Each single emitter device in the 2-D array had a narrow spectral width of ~0.3 nm FWHM. The pitch of the grating was controlled to within ~0.1 nm by a holographic exposure system used to form grating pattern. Nevertheless, variation of the center wavelength of up to 0.5 nm is observed between individual single emitters across the entire 2-D SE-DFB array, presumably due to variation in effective index of the lasers across the wafer resulting from compositional and thickness inhomogeneity. We used devices coming from a single wafer and mounted them on a water-cooled heatsink. Due to the specific coolant flow pattern in our current design, one can also see thermal gradient across the heatsink resulting in another ~0.1 nm inhomogeneous variation in center wavelength of single emitters.

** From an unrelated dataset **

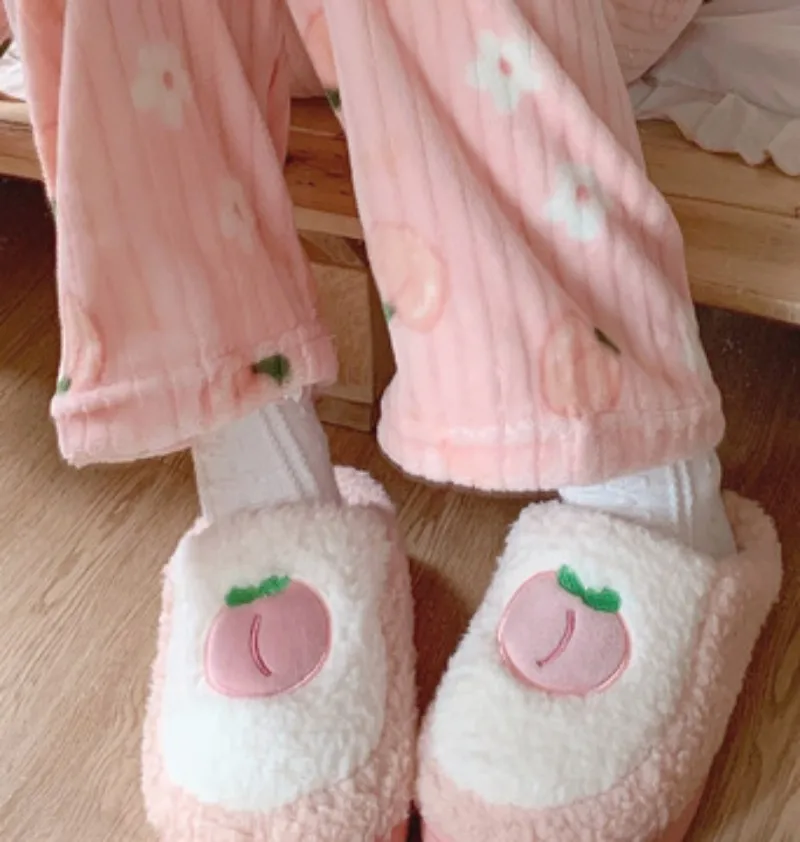 Girl's Winter Warm Two-Pieces Pajamas Polyester Comfortable Skin-Friendly Thick Purity  Loose Sleepwear With Round Collar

As a result, the measured total broadening of the spectral bandwidth goes from 0.3 nm (single emitter) to almost 1 nm for the array at this development stage. Figure 2 indicates the measured spectral output of the 2-D array of twenty SE-DFB single emitters used in this effort for pumping cryogenically cooled ~2.7-μm Er3+:Y2O3 laser. Spectral distribution is well centered in order to match the strongest 4I15/2 ⇒ 4I11/2 absorption line, 974 nm, of the Er3+:Y2O3 gain material at 77K.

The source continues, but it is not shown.